*Task statement*: The material below holds the lines to copy: from the one with "Vereadora de Camboriú" up to and including the one with "LAPTOP MSI BRAVO 17 D7VFK KOMPLET". Copy them exactly and skip the pictures.

(Beginning of Dataset extract)

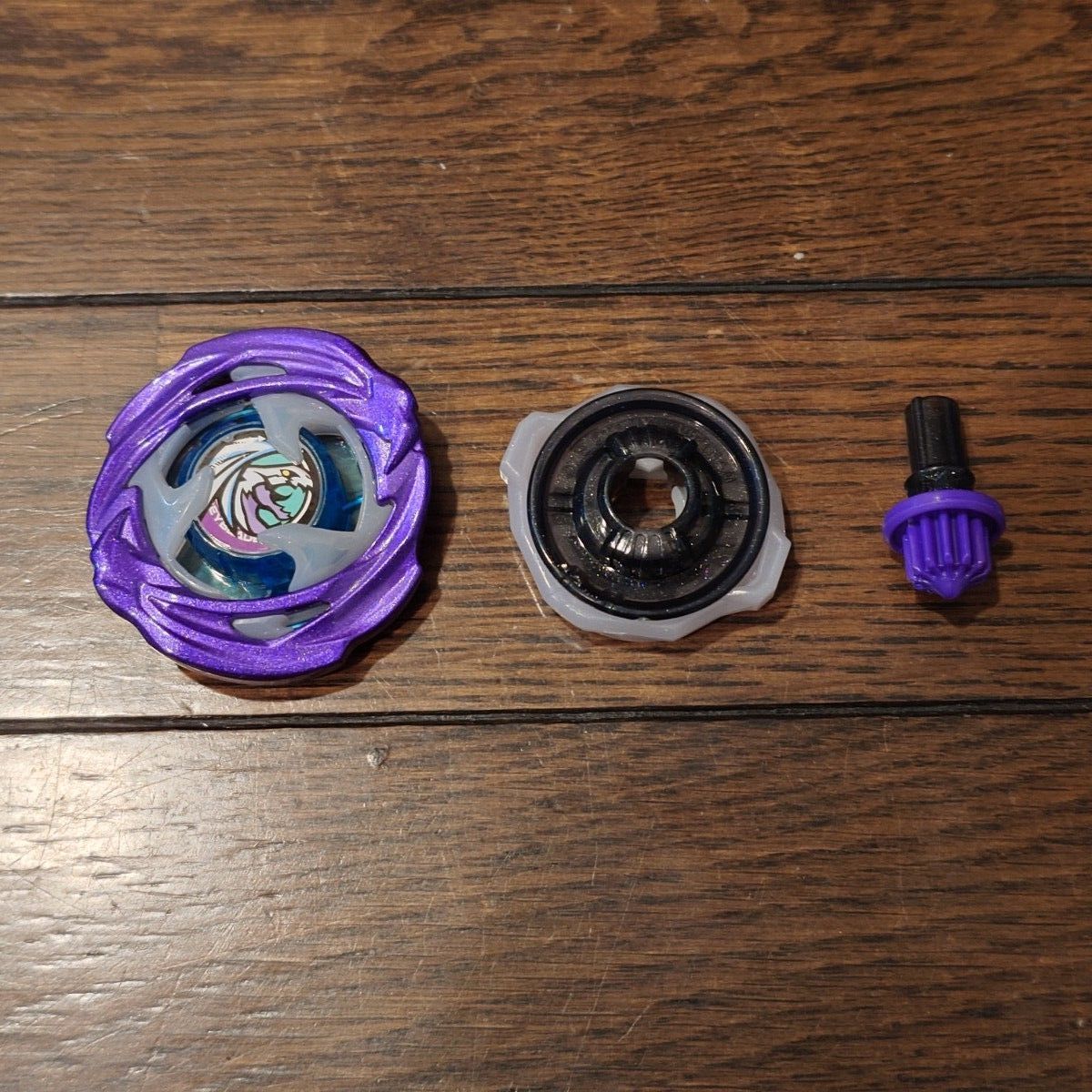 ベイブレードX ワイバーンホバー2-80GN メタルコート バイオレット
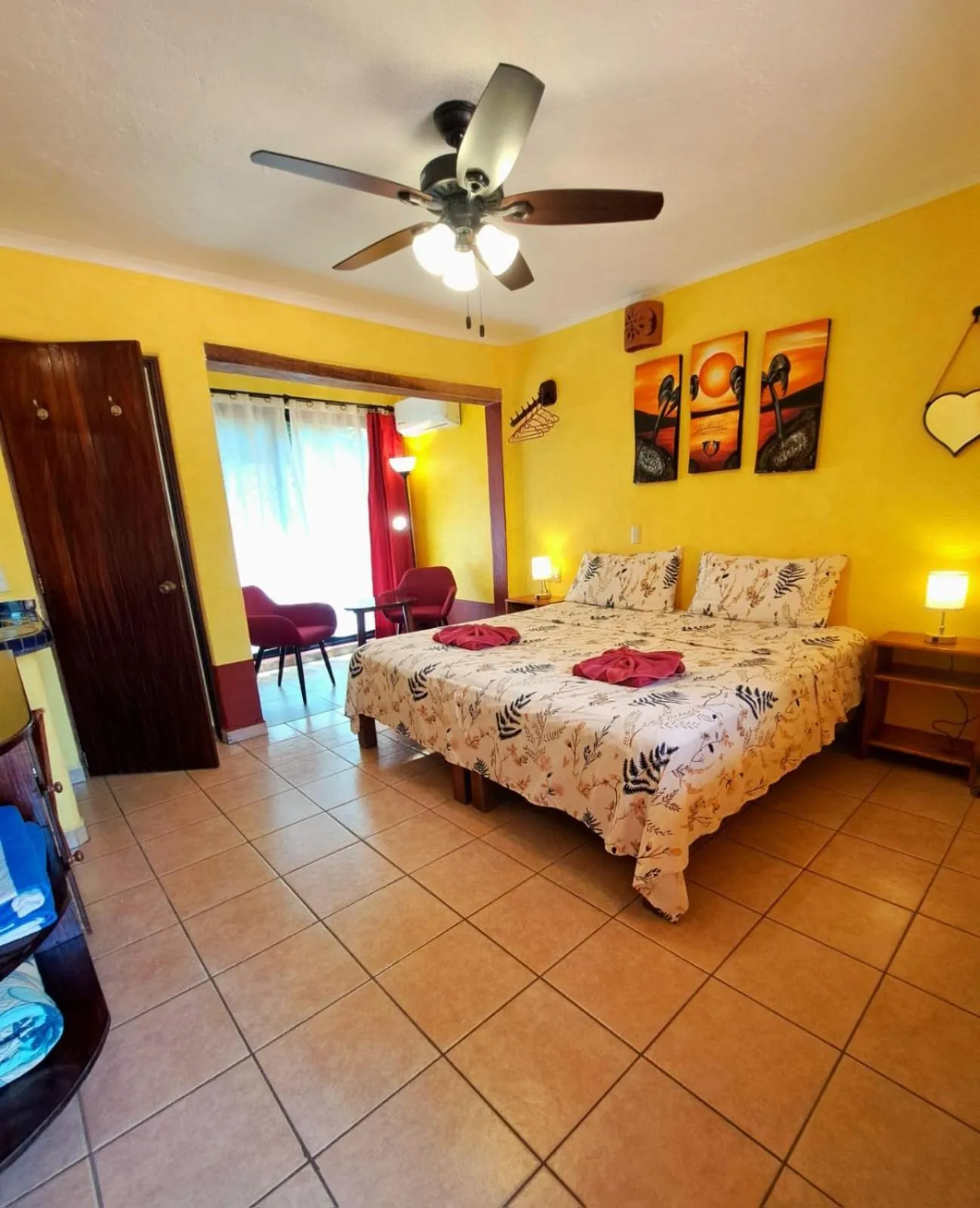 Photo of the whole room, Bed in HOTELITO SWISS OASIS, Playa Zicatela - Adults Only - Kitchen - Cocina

(End of Dataset extract)
(Beginning of Dataset extract)

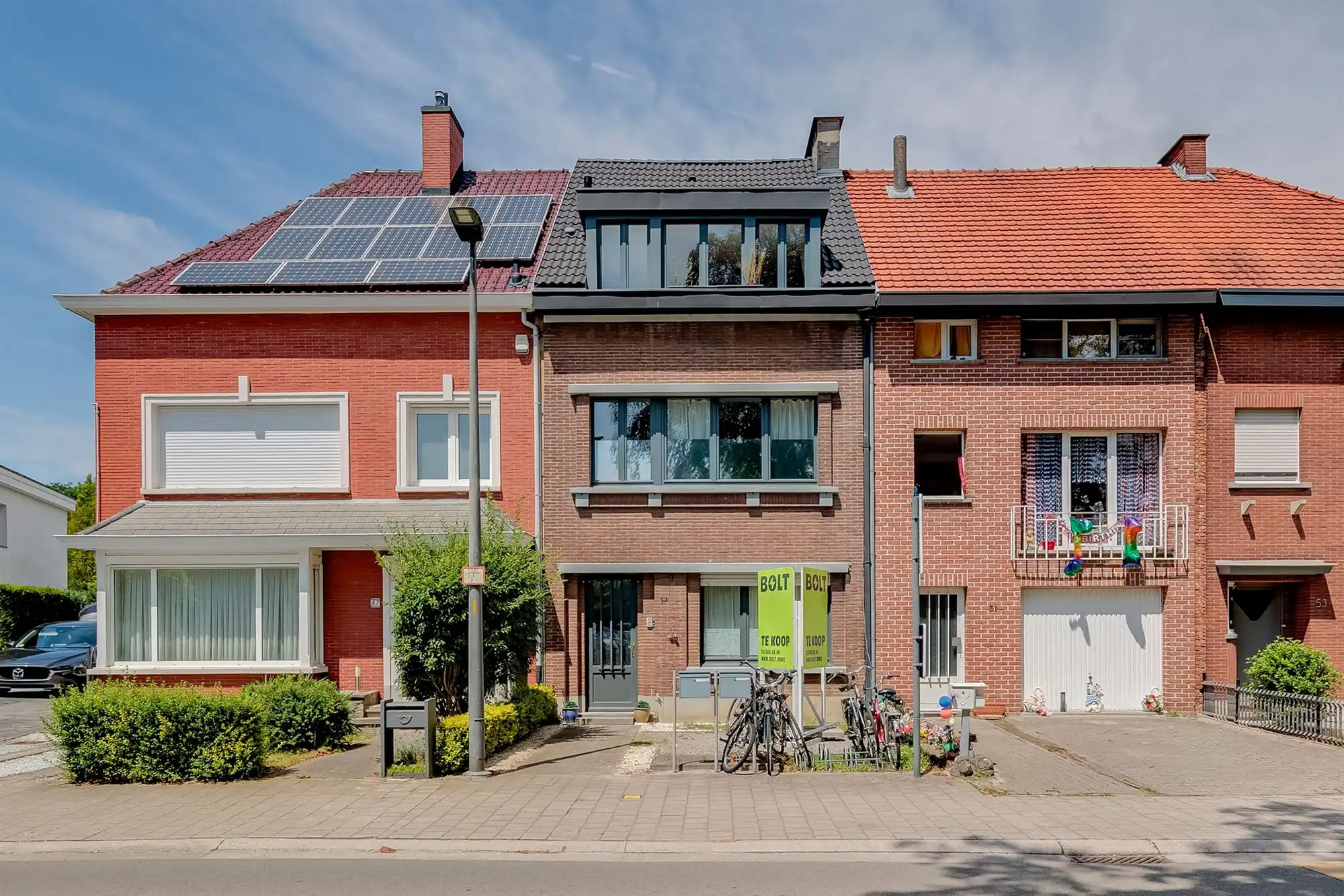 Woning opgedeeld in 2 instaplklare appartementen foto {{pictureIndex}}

(End of Dataset extract)
(Beginning of Dataset extract)

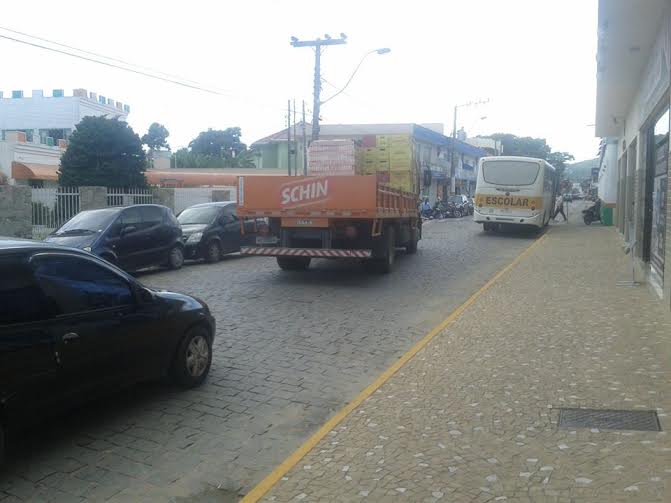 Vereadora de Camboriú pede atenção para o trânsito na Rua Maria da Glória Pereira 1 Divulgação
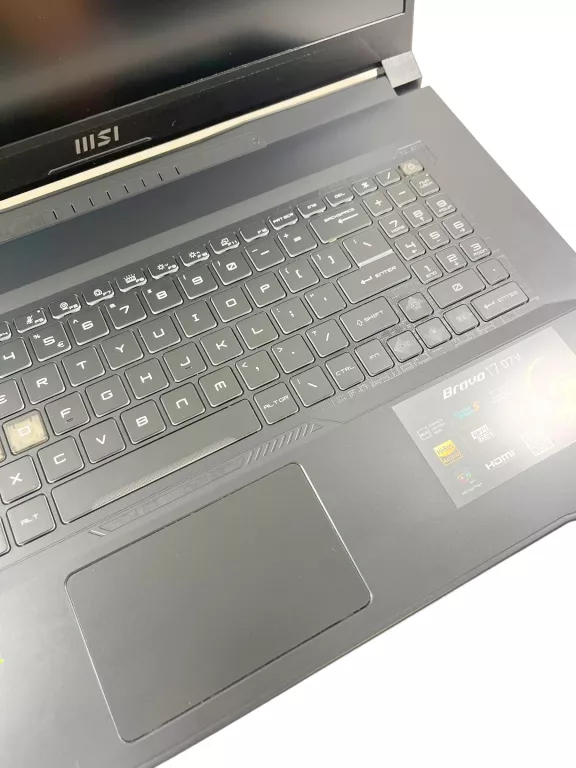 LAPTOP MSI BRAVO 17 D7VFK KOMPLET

(End of Dataset extract)

*Solution below*:
 Vereadora de Camboriú pede atenção para o trânsito na Rua Maria da Glória Pereira 1 Divulgação
 LAPTOP MSI BRAVO 17 D7VFK KOMPLET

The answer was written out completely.